A government spokesman on Thursday confirmed that the AZ Group of Companies has ended its toll operations along National Road 4, after Prime Minister Hun Sen announced on Wednesday that he was abruptly canceling the well-connected company’s long-standing contract.
“The company stopped operations at about 10 p.m. last night,” said Nou Rattanak, a spokesman for the Ministry of Public Works and Transport. “Now, there is no more charging; we will manage the inventory that the company owned —the road, tolls, equipment like computers and buildings.”
Mr. Rattanak said the contract had yet to be officially terminated and that a committee would be established by the ministries of transport and finance to look into the compensation process for the AZ Group.
“Regarding the compensation, it would depend on an investigation committee that will look into the contract and discuss official procedures to terminate the contract.”
The AZ Group was founded in 1993 by Ing Bun Hoaw, a former CPP secretary of state at the Transport Ministry, and is overseen by his wife, Heng Sokha. The company began collecting tolls on National Road 4 in 2002, after receiving the contract the year before.
At the time, National Assembly President Heng Samrin and opposition lawmaker Son Chhay jointly protested the contract, saying it had been obtained without a transparent bidding process.
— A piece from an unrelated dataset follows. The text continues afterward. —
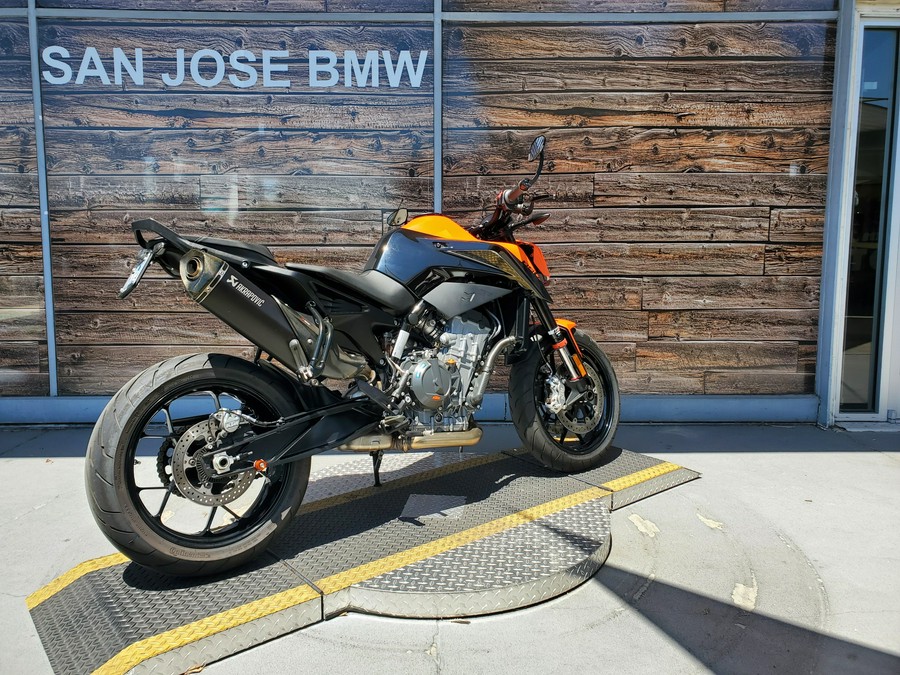 2022 KTM Duke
They also questioned the practice of awarding a toll concession for a road that had been paid for by a donor, in this case the U.S., though the contract went forward.
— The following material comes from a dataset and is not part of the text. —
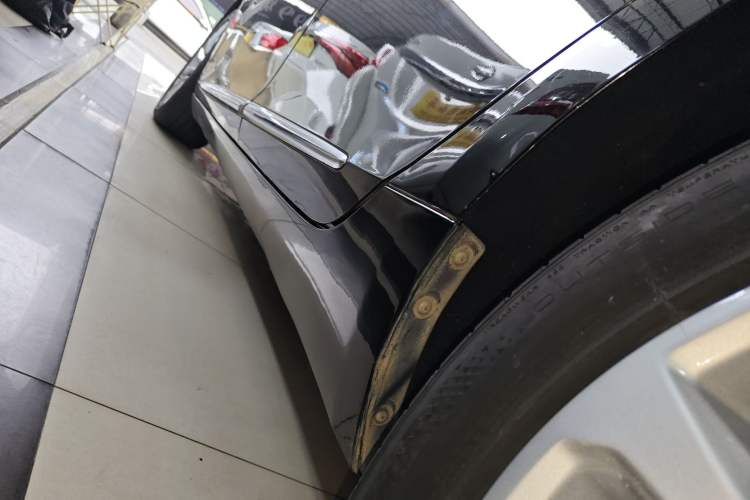 Used Cadillac XTS 2018 28T Elite Edition Left Side Sill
The company operated four toll booths along the 210-km road linking Phnom Penh to Sihanoukville, charging 45,000 riel (about $11.10) for larger vehicles, such as buses and trucks, for a complete journey, and 11,200 riel (about $2.80) for cars.
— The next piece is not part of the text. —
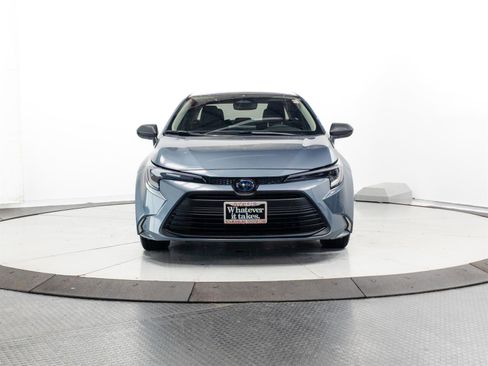 Certified 2024 Toyota Corolla LE w/ LE Convenience Package image 2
On Wednesday, Mr. Hun Sen explained that he had ordered AZ to stop charging fees on the road earlier this month, but that the company did not comply.
The cancellation is the second such autonomous order handed down in less than a month. In December, the prime minister canceled the contract of Tollway, which had spent $10.5 million renovating Veng Sreng Boulevard as part of an agreement to collect tolls.
Ou Virak, head of the local Future Forum think tank, said he thought such moves were par for the course.
“The government has canceled and adapted contracts in the past, so it shouldn’t really change investor confidence in the country,” he said. “The point is that investors shouldn’t really have confidence in the first place.”
Mr. Virak added that AZ was unlikely to be in a position to launch a complaint because it had obtained the road license opaquely.
“It did not get the contract in a legitimate way; there was no transparency, no bidding—so any complaint would not make sense.”